The plugin is mainly thought for use inside SNAP, so a manual operation where the user has to make the different operations manually. However, also the python scripts for the operation have been released. The scope of this repository is to create the possibility to automatize the process, allowing the computation of multiple days without the manual input of the operator. So, it is possible to compute monthly means on an area of interest.

The original schema for the plugin is represented in the image below:

The automation process reduces it to one step and presents this schema:

Installation

It is needed to have installed SNAP (with Python 3.6) and the SEN-ET plugin as indicated in the official plugin documentation in Section 3.2. In case of troubleshooting, see Section 3.4.

The code and the plugin have been tested only with SNAP 8.

The suggested version of python to be used for Windows is the 3.6.8, it should be downloaded before the installation of SNAP. The installer could be downloaded here.

At the first start, it is needed to run an operator to complete the bundle installation as indicated in the documentation:

The first time any of the Sen-ET operators is run the user will receive a SNAP - Warning message about path not existing. After clicking OK another dialog will appear asking user if they want to proceed with bundle download/installation (Figure 3.4). After clicking "Yes" the download and installation of the plugin bundle (the self-contained Python environment) will happen automatically. When the bundle installation finishes, a message will notify of the successful installation of the bundle. The Sen-ET SNAP plugin is installed and ready for use.

The installation and the test that everything is working will be done in the step of the download of the ERA5 Data. This will be later explained.

For Windows computers, it is also needed to install the Git Bash terminal provided with the installation of Git.

Download the code in the terminal with

git clone https://github.com/LorenzoStucchi/SEN-ET_automatization.git

Data download

ECMWF Reanalysis v5 (ERA5) Data

The download of the ERA5 data could be done in multiple ways. The suggested one is with the use of the SEN-ET plugin inside SNAP. This will test that the plugin is correctly working.

For the download, it is needed to have an account for the Climate Data Store (CDS) of the Copernicus Climate Change Service. The account could be created for free here.

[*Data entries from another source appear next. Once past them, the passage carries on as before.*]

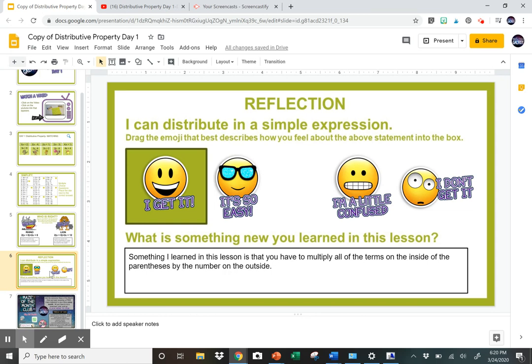That's the experience the kids would have. When they're done, they'll have a little button that says 'submit' and they will submit it to you. That's the assignment — hope you enjoyed that and talk to you next time.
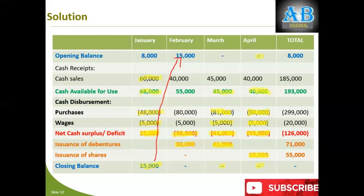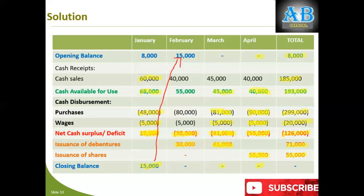In the total column: opening balance Rs. 8,000, total receipts Rs. 185,000, total funds available Rs. 193,000, total disbursements Rs. 319,000. The total deficit is covered by issuance of debentures of Rs. 71,000 and issuance of shares of Rs. 55,000. So the total column gives you the overall picture of these four months from January to April.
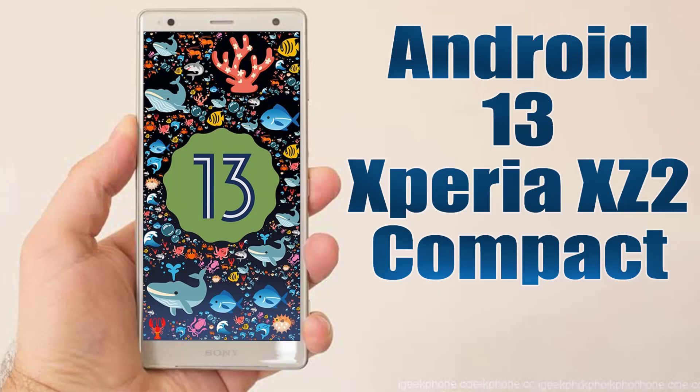Install Android 13 on Xperia XZ2 Compact via Lineage OS 20.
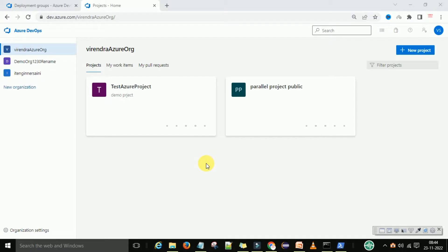Similar to how we created the agent pool for the build pipeline, we now need a deployment pool. In real-time conditions, the deployment server is a different server from the build server — the deployment will be your production server or your test server. There are two things: the build agent and the deployment agent.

Then, it is needed to log in to the page and follow the instruction for the API configuration of the CDS. It is needed only to create the file .cdsapirc and NOT to install the API client using pip.

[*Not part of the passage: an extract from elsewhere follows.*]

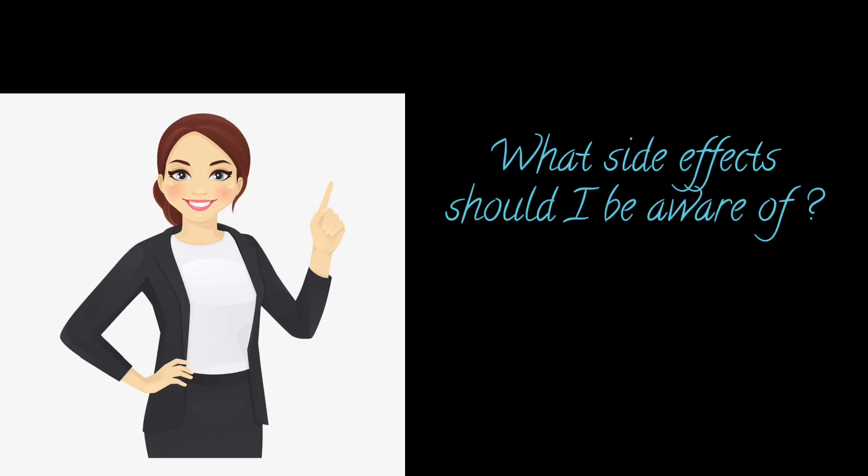Then, what side effects should I be aware of? Side effects are unwanted effects of a medicine. All medicines can cause side effects, but not everybody will experience them.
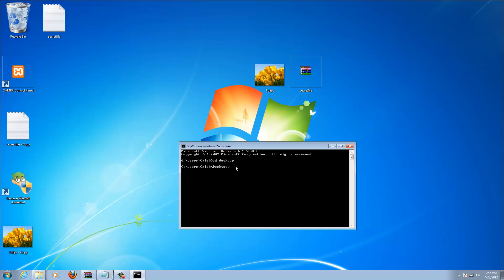So from here you just need to type in a small code. It looks like this: copy forward slash b. Then you type in the picture, plus the file, and then the third file.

Now, open SNAP and open the function Download ECMWF ERA5 reanalysis data at Optical > Thematical Land Processing > SEN-ET. Insert the parameters Area of Interest and the first and last date of the analysis period, in the Processing Parameters tab, following the instruction and keep all the flags on the element to be downloaded. Finally, insert the path for the download of the file with the data and name it as era5.nc and click Run. The processing and the request of the data for one month request around one hour, but it is possible to check the status of the request on the CDS.

Sentinel Images

For the download of the Sentinel Images, it is suggested to use the Copernicus Open Access Hub because most of the images are offline, so not available immediately but only after some hours. Create an account here, and then it is possible to search the images and start the product retrieval, adding them into the cart.

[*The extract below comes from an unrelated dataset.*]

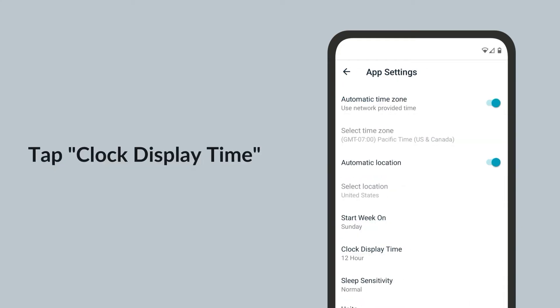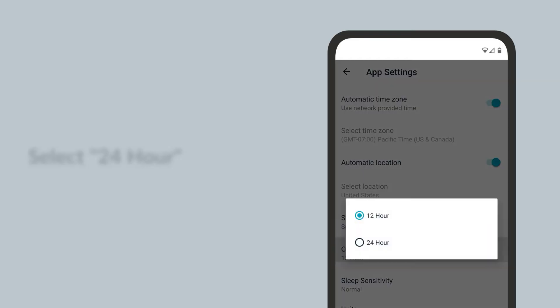Here, tap clock display time and select 24-hour.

The images request needs to be of the product type:

• Sentinel 2: S2MSI2A
• Sentinel 3: SL_2_LST____

That option could be added in the filters, zoom to the area of interest and drawn a rectangular in the area. Open the filter panel and add in the sensing date, the timespan of interest for your analysis, and the desired timespan. Using the preview, it is also possible to check the cloud coverage visually.

Folder structure

Once the data are downloaded, it is needed to organize them in a specific way. An analysis of the data for one month will produce products for around 500 GB. The main folder that could be named as preferred, in the schema below MAIN_FOLDER. One folder for each type of data is called era, S2 and S3. Inside the S2 and S3 folders, a folder for each of the days of the images, the folder should be named in this format YYYY_MM_DD.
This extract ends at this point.